“They heard me singing and they told me to stop
Quit these pretentious things and just punch the clock.”
Arcade Fire
Though Arcade Fire’s album The Suburbs wasn’t released until well after my high school joy riding days, today this song suddenly drops me back into the driver’s seat of my ‘87 Nissan Maxima: windows down, stereo up, hair flying wild while singing lyrics to a song that resonates deep in my bones as I navigate the twists and turns of Asheville’s country roads.
Today as I sing these lyrics, committed to the song, to the wind, and to the smile starting to curl up on one side of my mouth like it did all those years ago, I join the lyricist in her noble fight for freedom instead of succumbing to the pressure of monotony.
As the song drifts forward, another line causes a snag in the recesses of my brain:
“Dead shopping malls rise like mountains beyond mountains
And there’s no end in sight
I need the darkness, someone please cut the lights”
This imagery is not lost on me, and neither is the lament to break the rut of tediousness and isolation created by technology and concrete empires, thus crowding out natural beauty.
While I’m grateful for the convenience and comforts of modern technology, a longing lingers inside of me for two things: genuine relationships and the raw, restorative beauty of nature.
This makes sense because I’m God-wired to be in relationship and delight in His creation. And I can’t think of anything else that has the potential to disrupt these two ideals more than modernity.
Artificial lights cloud our eyes from being awed by a divinely exquisite night sky
Playlists drown our ears us from enjoying the revelry of birdsong or rushing of falls
Restaurants rob our appreciation of the miracle of seed in earth
Concrete blocks bury blades of grass under our feet and soft petals at our fingertips
Palmed devices create expanses between the people sitting shoulder to shoulder
Today, this song reminds me that though these things are a welcomed part of my life, I want to create and lean into more moments of what matters most: the flesh and blood by my side, the beauty of God’s creation and the lifesong welling up inside of me waiting to burst forth from my lips.
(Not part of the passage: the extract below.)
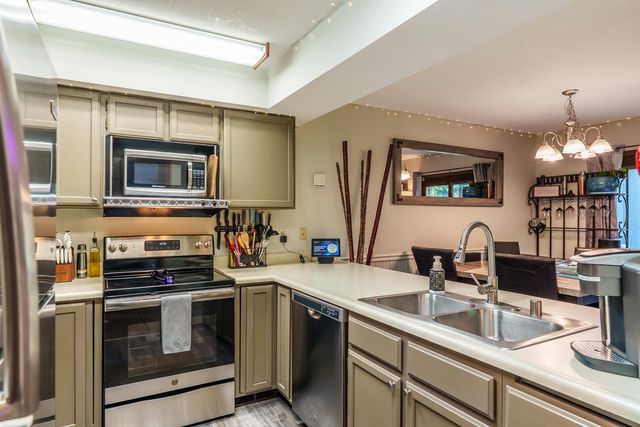 471 E 8TH AVENUE, North Pole, AK 99705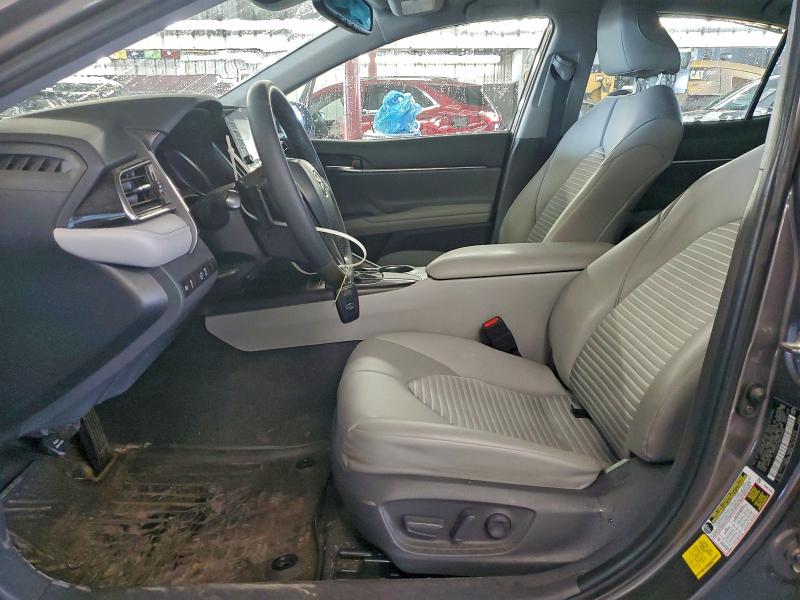 Фото 7 - TOYOTA CAMRY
If the current speed and specs of western culture is considered “normal,” then I’ll gladly don the label of “peculiar.” I think a worn out and weary world could use more of us!
If today you’re feeling like a cracked cog in the wheel of society, I invite you to take your own joyride – windows down, “The Sprawl (Mountain Beyond Mountains)” cranked, and a prayer in your heart asking for God’s help to slow down so you can relish the hard-fought gift of presence and the wonder of His extraordinary creativity woven throughout creation.